Ogni riforma era un buco che si apriva nel muro dei diritti e delle certezze di operai e lavoratori, era un cedimento alla precarizzazione più che alla flessibilità. O almeno così è sempre stato percepito da quel target. A ciò si aggiungano i tatticismi dei sindacati, morbidi quando a Palazzo Chigi c’erano o premier del centrosinistra o tecnici appoggiati anche dal centrosinistra: Monti e Fornero sono “figli” di quelle larghe intese. A Torino la Fiat ha potuto smantellare le fabbriche senza particolari resistenze della Cgil e di Landini segretario generale.

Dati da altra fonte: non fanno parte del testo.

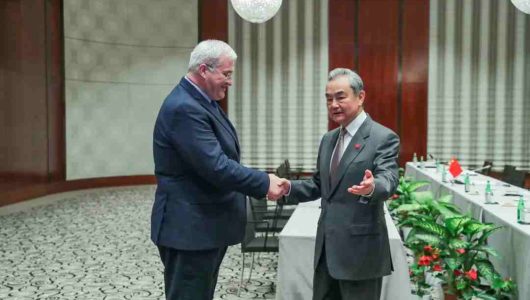 Міністр закордонних справ Китаю Ван Ї зустрівся з міністром закордонних справ України Андрієм Сибігою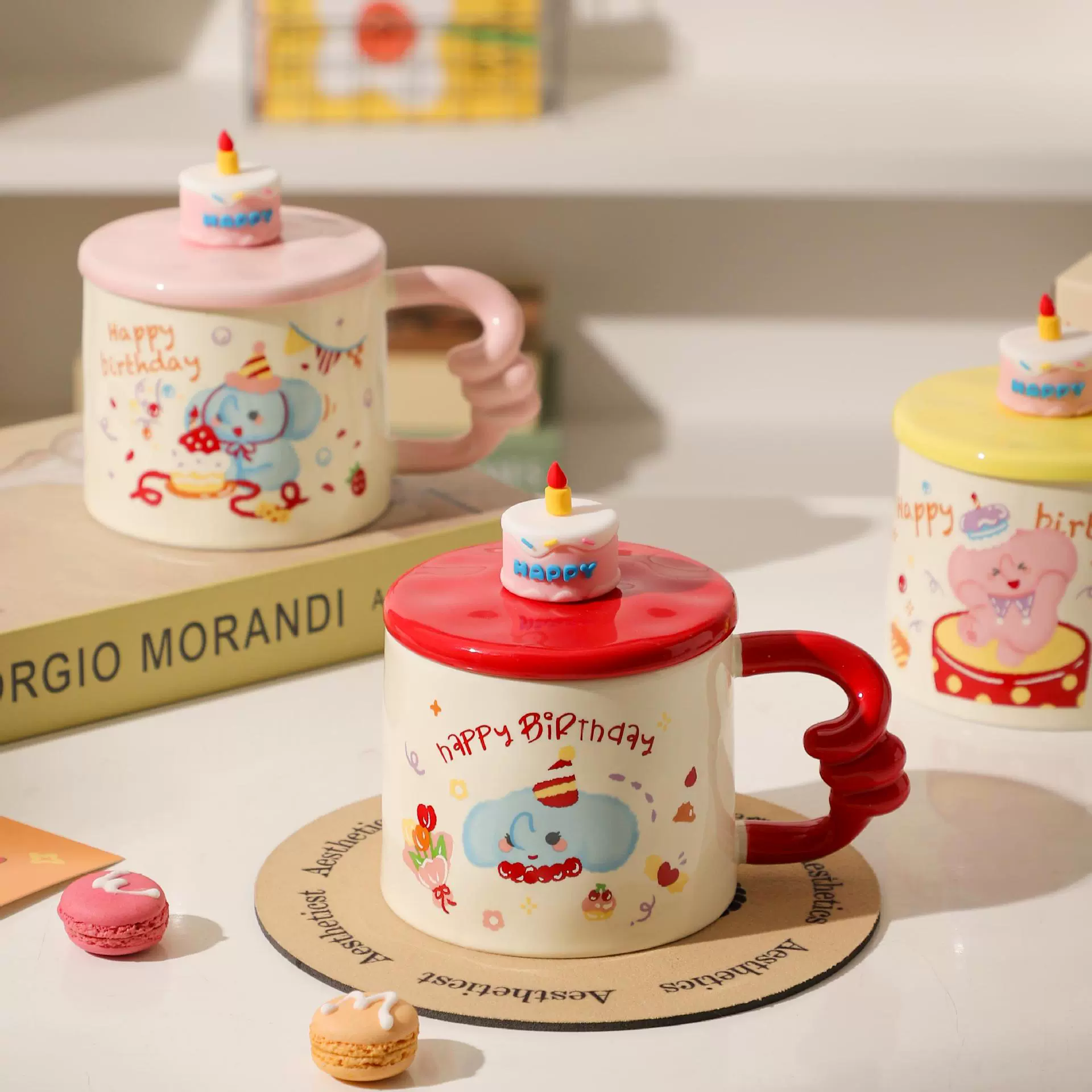 Керамическая кружка с крышкой, милый cup?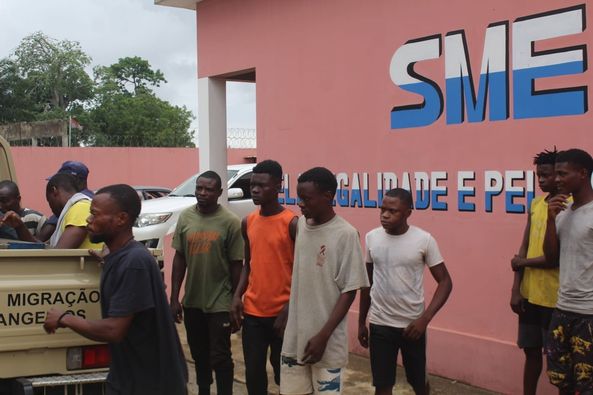 SME expulsa 77 imigrantes ilegais em Cabinda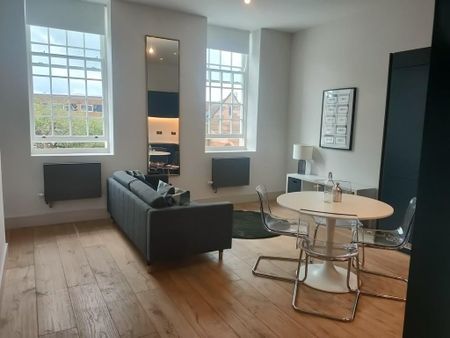 1 bedroom apartment to rent - Photo 2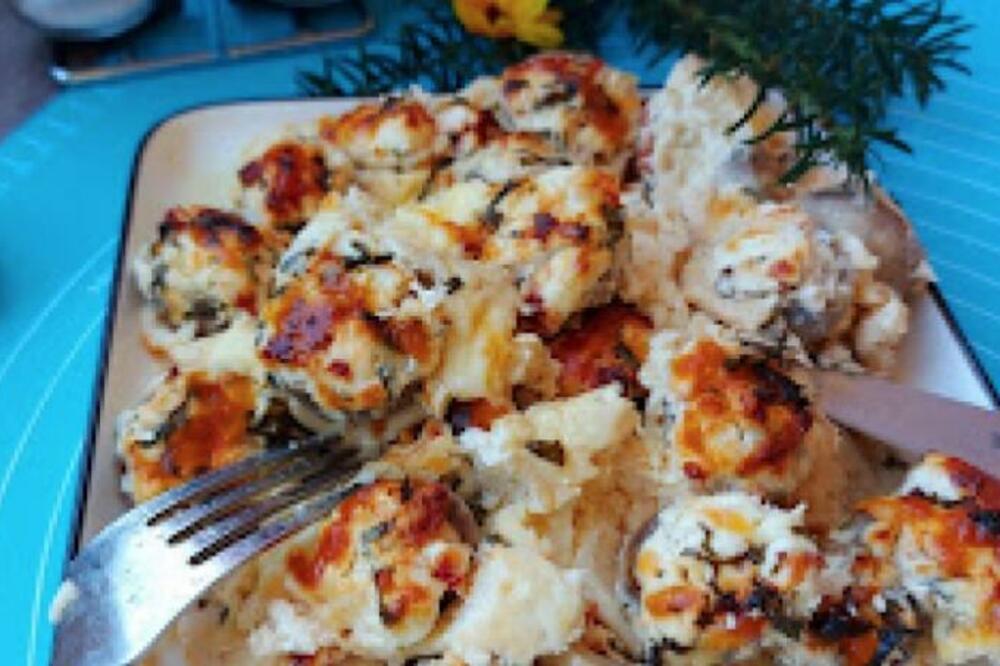 AKO NE ZNATE ŠTA ĆETE ZA RUČAK, OVO JE PRAVI IZBOR: Punjenim šampinjonima obradovaće se SVI UKUĆANI (VIDEO)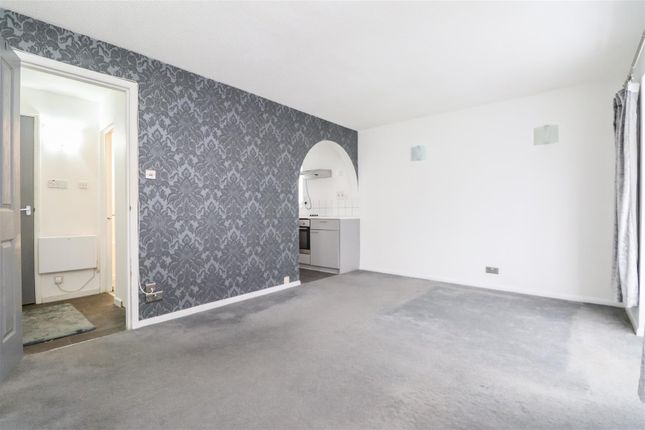 34, Newbridge Close, Broadbridge Heath photo 4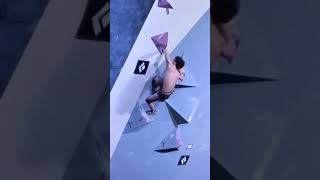 Tırmanıcıdan şaşırtıcı hareketler Amazing moves from a climber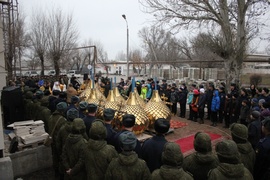 Освящение крестов и куполов
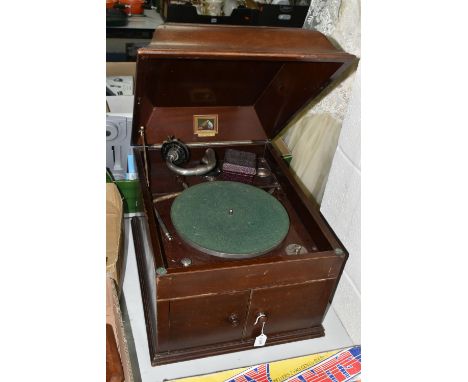 AN EARLY 20TH CENTURY MAHOGANY STAINED HMV TABLE TOP GRAMOPHONE, fitted with an HMV No.4 soundbox with hinged top, the interi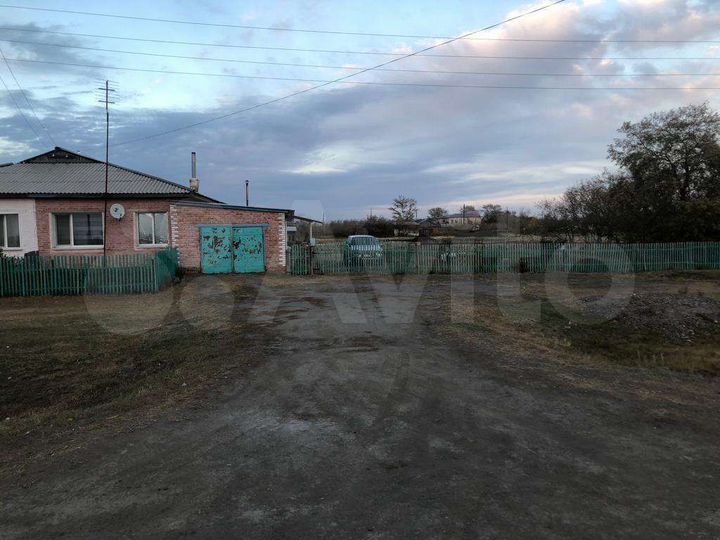 Дом 80 м² на участке 5 сот.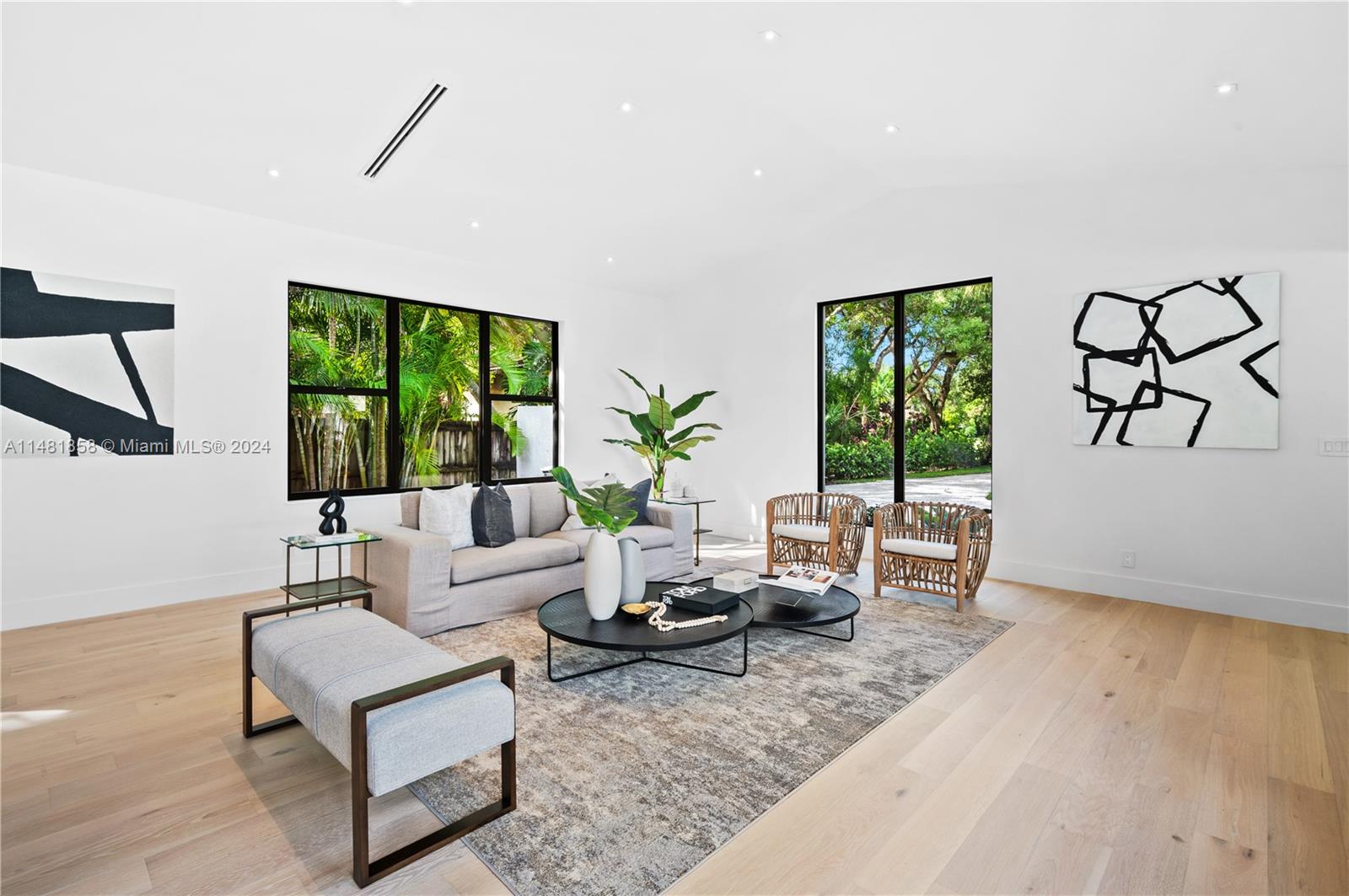 SUNSET VISTAS - Residential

Di riforma in riforma il lavoro si è frastagliato sempre di più, con la conseguenza che il lavoratore si è trovato sempre più minacciato dalle crisi e dalle ristrutturazioni aziendali e con un indebitamento personale crescente cui dover far fronte. In poche parole: lavoro instabile, busta paga ferma o minacciata dalle crisi, indebitamento privato crescente; in una situazione del genere il lavoratore ha perso il senso della battaglia collettiva e si è rifugiato nella difesa del proprio interesse.
In tutto questo il governo di centrodestra, dove l’anima sociale è densamente rappresentata da Fratelli d’Italia e dalla Lega, non ha una proposta chiara su come dare robustezza ai dati statistici pur confortanti sull’occupazione; la voce e l’azione della ministra Calderone è impercettibile a tal punto che nella cabina di regia la premier gioca assai di sponda con la segretaria della Cisl Daniela Fumarola.
Del governo non è chiara la proposta e questo - nella inquietudine sociale delle retribuzioni rispetto al rincaro della vita - diventa un handicap specie se dall’altra parte il secondo partito della coalizione è il Movimento Cinque Stelle, la cui proposta di galleggiamento insiste su un reddito di cittadinanza che ormai è un mero sussidio.
Infine c’è quel mondo del lavoro che è fatto dalle partite Iva, vere o obbligate, c’è il mondo delle professioni e delle piccole imprese, a cui il governo non dà le garanzie che i tempi richiedono. In questi anni di disaffezione al voto non ci siamo accorti che a distrarsi dalla politica è un mondo che un tempo ci credeva eccome alla responsabilità della politica e delle istituzioni ma che oggi è arrabbiato perché si sente solo nel galleggiamento di una quotidianità che un tempo era più favorevole. Quel mondo si chiama ceto medio e con uno stipendio pieno manteneva la famiglia, garantiva gli studi ai figli fino all’università e si poteva permettere persino un mese di vacanza.